This is about medicine, not theology | Mark Sant
FULL INTERVIEW • The ongoing IVF debate has sparked a wave of pro-life concern; but for obstetrician Mark Sant, that is a case of missing the baby for the test-tube. Infertility is a medical condition, he argues... and should be approached as such
There has been a lot of controversy surrounding the proposed amendments to IVF legislation. First off, however: is it necessary to amend this law in the first place? What needs to be changed?
It is necessary, and how. The aim behind IVF Is that infertile women will go home [after treatment] and have a baby. But the law that we have now is extremely restrictive, and in quite a few cases does not allow us to reach our aim. The current law allows us to attempt to fertilise two eggs; which is very different from having two embryos. In exceptional circumstances, the law allows us to apply for a concession to try to fertilise three eggs. Now: what happens in the rest of Europe? Usually, you collect all the eggs – in a normal cycle, between eight and 15 – and attempt to fertilise them all. Why? Because when you attempt to fertilise 15 eggs, you will get 10 to 12 that will actually fertilise; and these will then have to develop. Also, abroad they are allowed to go up to five days [before implantation] instead of only three [as is the case here]. By the end of that process, from 15 eggs, you will end up with five or six. One will be implanted, and the rest are frozen. But what are we doing [in Malta]? We are attempting to fertilise only two eggs – which sometimes gives you two embryos – and we have to [implant] them both by the third day. We don’t allow them to go up to the fifth day...
What is significant in the difference between implanting after three or five days?

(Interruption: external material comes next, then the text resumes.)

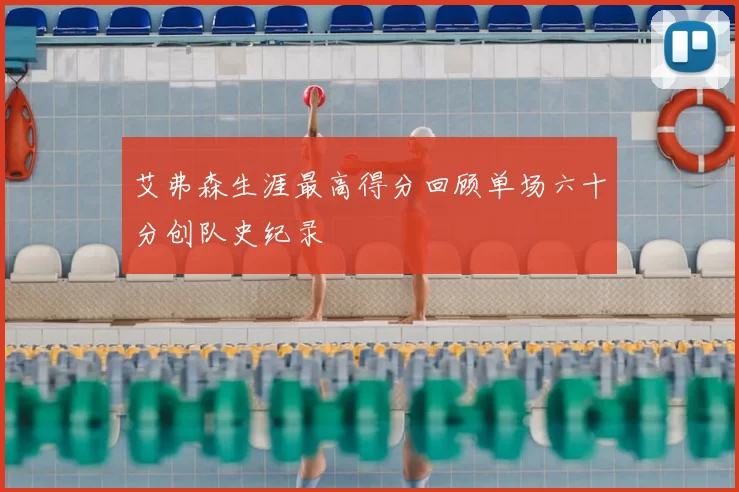 艾弗森生涯最高得分回顾单场六十分创队史纪录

By the fifth day, the embryo will have shifted from its mother’s infrastructure, to its own. This gives more opportunity to identify genetically abnormal embryos – and by ‘genetic abnormalities’, I’m not referring to Down’s Syndrome, or abnormalities that will still give rise to a live birth. I’m talking about problems that will lead to failed implantation, or miscarriages. So, by leaving implantation to the fifth day, it will give you a way to at least try to weed out the really bad ones. Those will not be replaced [back in the womb]... what’s the point of replacing an embryo that is destined to fail? In our case, however, if we had to wait until day five, in many cases we will not be implanting anything at all. [...] in reality, we are very often replacing embryos that are destined to fail. Is that right? Is that going to help us achieve our objective?
And yet, the law as it stands is called the ‘Embryo Protection Act’...
It’s a very big misnomer...
... so it seems, as from what you’re saying it doesn’t seem to be offering much protection to embryos at all...
It’s even worse. What I’ve been talking about so far are embryos that are destined to fail... which haven’t really had anything done to them. But we are in a worse situation than that. Today, we know that, if you measure one of the hormones at the time of actually triggering ovulation... basically, if the progesterone level is over 1.5 – that reduces the chances of an embryo implanting by around 20%. Abroad, in those cases they would freeze the embryo, and replace it later [when the hormone levels are lower]. What do we do? We put it in anyway. So what are we doing? We’re sending at least one fifth of our embryos to certain death, if you want to look at it that way. You call that embryo protection? It’s embryo destruction...
We’re sending at least one fifth of our embryos to certain death, if you want to look at it that way. You call that embryo protection? It’s embryo destruction...
Another effect is to raise the hopes of expectant mothers, in cases where chances of success are minimal. Do you encounter cases like that?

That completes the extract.